Output the run of lines that opens with the first line of the material below and closes with the line containing "Open-concept living room", both included, and drop the pictures.

Supplied data =>
★ ★ ★

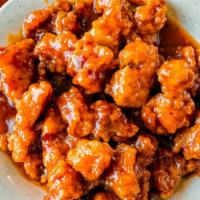 General Tso'S Chicken · Spicy. Battered deep-fried chunks of chicken stirred-fried in a hot and spicy sweet tomato f...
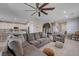 Open-concept living room featuring a large sectional and view to a kitchen at 9990 Perth Ct, Las Vegas, NV 89141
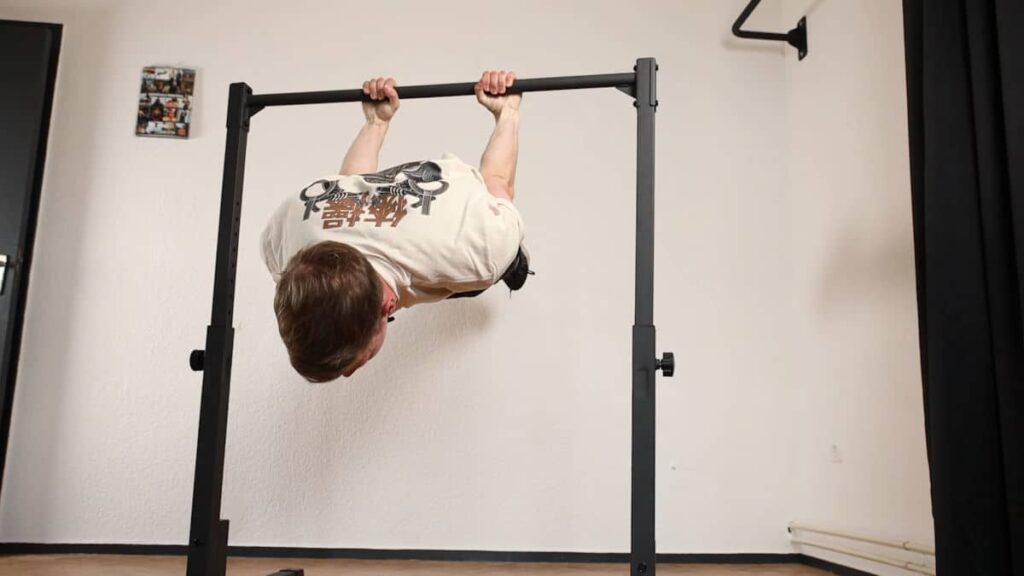 Man in beige tshirt with Japanese lettering performing a back lever under the Gravity Fitness Static Bar.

★ ★ ★

Answer section =>
 General Tso'S Chicken · Spicy. Battered deep-fried chunks of chicken stirred-fried in a hot and spicy sweet tomato f...
 Open-concept living room featuring a large sectional and view to a kitchen at 9990 Perth Ct, Las Vegas, NV 89141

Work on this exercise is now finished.